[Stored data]
[Start of section]
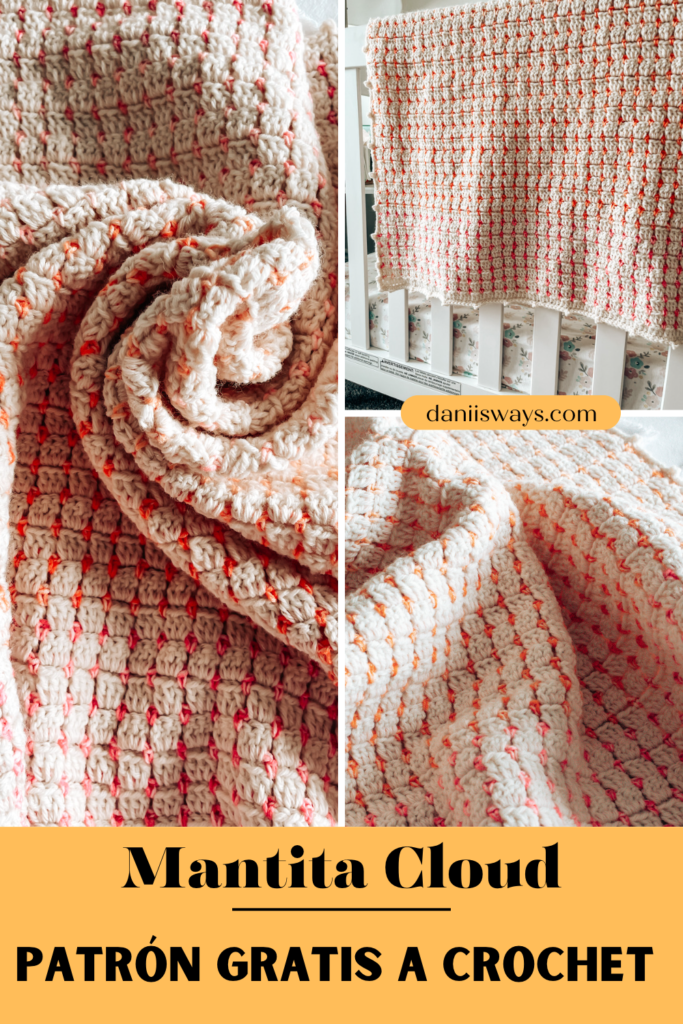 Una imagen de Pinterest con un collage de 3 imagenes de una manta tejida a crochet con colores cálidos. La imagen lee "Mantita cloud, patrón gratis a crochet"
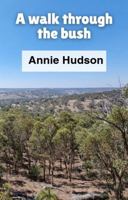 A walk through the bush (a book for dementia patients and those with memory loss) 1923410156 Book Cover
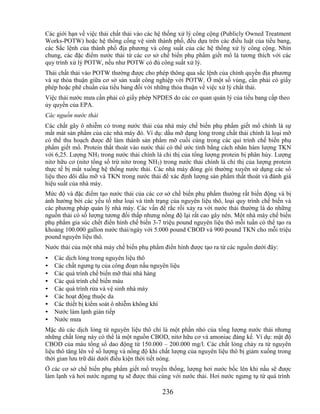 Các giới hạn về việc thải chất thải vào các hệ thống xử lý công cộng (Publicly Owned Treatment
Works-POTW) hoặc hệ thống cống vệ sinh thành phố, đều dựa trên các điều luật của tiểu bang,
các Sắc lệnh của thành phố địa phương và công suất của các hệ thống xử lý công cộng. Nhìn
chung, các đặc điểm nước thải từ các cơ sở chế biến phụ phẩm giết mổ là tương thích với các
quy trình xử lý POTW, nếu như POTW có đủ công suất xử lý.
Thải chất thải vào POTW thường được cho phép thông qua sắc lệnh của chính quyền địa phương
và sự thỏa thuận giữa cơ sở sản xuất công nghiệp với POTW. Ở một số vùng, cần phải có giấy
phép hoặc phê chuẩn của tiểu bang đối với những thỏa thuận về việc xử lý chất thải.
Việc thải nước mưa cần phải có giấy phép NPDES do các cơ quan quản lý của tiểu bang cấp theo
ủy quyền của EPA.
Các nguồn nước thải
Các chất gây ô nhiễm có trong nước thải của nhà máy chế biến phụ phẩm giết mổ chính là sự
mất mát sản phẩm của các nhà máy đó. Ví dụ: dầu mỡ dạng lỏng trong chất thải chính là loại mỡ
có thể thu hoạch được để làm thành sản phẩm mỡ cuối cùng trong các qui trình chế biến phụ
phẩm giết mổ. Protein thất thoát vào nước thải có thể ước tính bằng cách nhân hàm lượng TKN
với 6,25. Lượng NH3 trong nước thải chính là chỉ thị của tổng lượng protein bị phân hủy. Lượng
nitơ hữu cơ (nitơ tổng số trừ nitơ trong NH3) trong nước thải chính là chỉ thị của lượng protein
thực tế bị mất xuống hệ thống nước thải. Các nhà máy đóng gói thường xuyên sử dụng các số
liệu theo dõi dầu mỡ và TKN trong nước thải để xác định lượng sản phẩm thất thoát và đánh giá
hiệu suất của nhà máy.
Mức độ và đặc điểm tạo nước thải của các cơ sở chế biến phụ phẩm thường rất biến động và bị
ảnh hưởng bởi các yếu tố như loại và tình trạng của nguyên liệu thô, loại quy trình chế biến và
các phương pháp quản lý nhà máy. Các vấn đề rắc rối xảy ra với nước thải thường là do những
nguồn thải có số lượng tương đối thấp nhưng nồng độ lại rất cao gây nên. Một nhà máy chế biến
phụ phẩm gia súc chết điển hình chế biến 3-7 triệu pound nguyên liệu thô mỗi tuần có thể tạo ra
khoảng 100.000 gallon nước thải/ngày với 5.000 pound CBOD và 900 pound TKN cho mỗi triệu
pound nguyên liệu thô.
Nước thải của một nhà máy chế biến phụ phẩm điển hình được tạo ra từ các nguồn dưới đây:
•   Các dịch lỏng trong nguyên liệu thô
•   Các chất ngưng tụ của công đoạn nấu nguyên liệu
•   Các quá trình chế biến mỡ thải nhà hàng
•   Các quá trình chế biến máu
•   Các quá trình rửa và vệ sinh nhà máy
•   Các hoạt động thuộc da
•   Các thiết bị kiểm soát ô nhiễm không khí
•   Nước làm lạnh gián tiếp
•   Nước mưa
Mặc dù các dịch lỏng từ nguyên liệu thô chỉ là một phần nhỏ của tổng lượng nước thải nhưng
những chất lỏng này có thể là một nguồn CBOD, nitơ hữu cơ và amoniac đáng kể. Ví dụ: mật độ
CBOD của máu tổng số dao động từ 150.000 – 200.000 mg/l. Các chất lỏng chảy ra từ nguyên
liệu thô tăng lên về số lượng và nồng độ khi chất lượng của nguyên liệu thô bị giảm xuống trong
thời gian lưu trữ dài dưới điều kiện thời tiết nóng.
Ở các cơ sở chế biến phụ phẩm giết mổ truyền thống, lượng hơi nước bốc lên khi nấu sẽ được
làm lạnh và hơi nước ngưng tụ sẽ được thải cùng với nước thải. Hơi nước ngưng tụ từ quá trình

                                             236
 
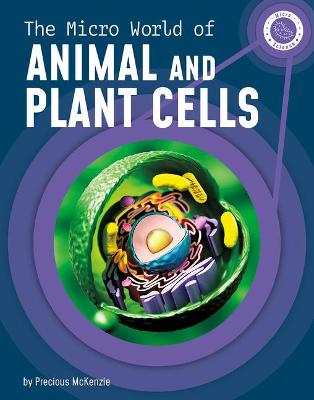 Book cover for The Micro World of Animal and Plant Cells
[End of section]
[Start of section]
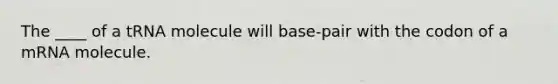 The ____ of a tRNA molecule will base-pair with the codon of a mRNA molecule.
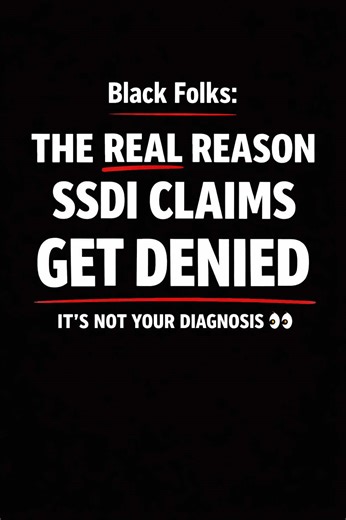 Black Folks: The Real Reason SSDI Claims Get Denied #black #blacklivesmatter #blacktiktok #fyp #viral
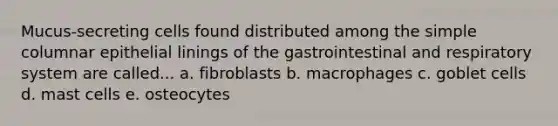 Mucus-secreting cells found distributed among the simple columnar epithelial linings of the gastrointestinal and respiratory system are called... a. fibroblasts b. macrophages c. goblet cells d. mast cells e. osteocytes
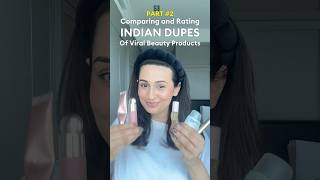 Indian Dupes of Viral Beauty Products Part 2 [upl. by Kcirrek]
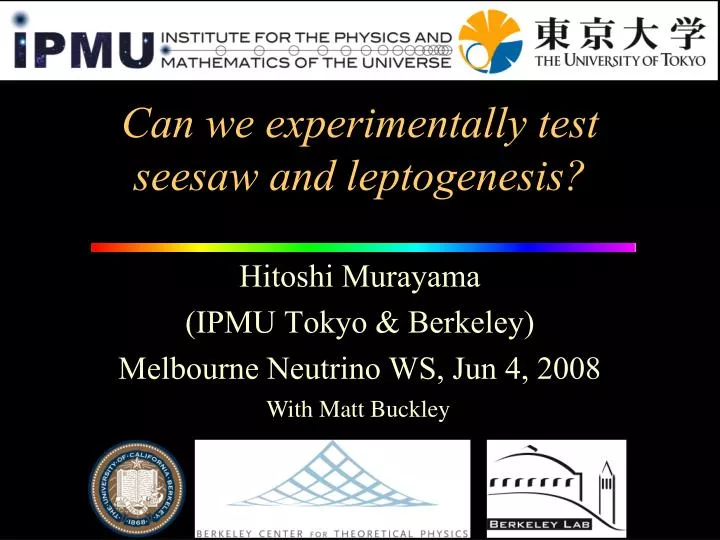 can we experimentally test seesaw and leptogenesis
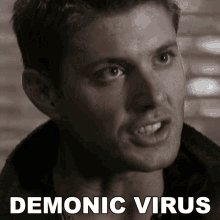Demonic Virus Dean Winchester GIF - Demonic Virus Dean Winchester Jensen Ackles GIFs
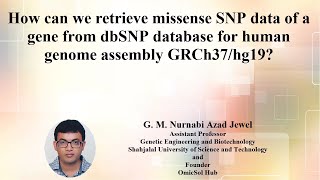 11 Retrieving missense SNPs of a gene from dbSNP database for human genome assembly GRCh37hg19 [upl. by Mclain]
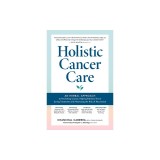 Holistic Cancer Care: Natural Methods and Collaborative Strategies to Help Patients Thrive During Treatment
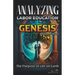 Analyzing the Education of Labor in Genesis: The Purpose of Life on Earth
[End of section]
Exercise goal
Write out only the lines that run from the line containing "Thải chất thải vào POTW" through the line containing "hiệu suất của nhà máy.", both included, exactly as they appear above.

Expected output
Thải chất thải vào POTW thường được cho phép thông qua sắc lệnh của chính quyền địa phương
và sự thỏa thuận giữa cơ sở sản xuất công nghiệp với POTW. Ở một số vùng, cần phải có giấy
phép hoặc phê chuẩn của tiểu bang đối với những thỏa thuận về việc xử lý chất thải.
Việc thải nước mưa cần phải có giấy phép NPDES do các cơ quan quản lý của tiểu bang cấp theo
ủy quyền của EPA.
Các nguồn nước thải
Các chất gây ô nhiễm có trong nước thải của nhà máy chế biến phụ phẩm giết mổ chính là sự
mất mát sản phẩm của các nhà máy đó. Ví dụ: dầu mỡ dạng lỏng trong chất thải chính là loại mỡ
có thể thu hoạch được để làm thành sản phẩm mỡ cuối cùng trong các qui trình chế biến phụ
phẩm giết mổ. Protein thất thoát vào nước thải có thể ước tính bằng cách nhân hàm lượng TKN
với 6,25. Lượng NH3 trong nước thải chính là chỉ thị của tổng lượng protein bị phân hủy. Lượng
nitơ hữu cơ (nitơ tổng số trừ nitơ trong NH3) trong nước thải chính là chỉ thị của lượng protein
thực tế bị mất xuống hệ thống nước thải. Các nhà máy đóng gói thường xuyên sử dụng các số
liệu theo dõi dầu mỡ và TKN trong nước thải để xác định lượng sản phẩm thất thoát và đánh giá
hiệu suất của nhà máy.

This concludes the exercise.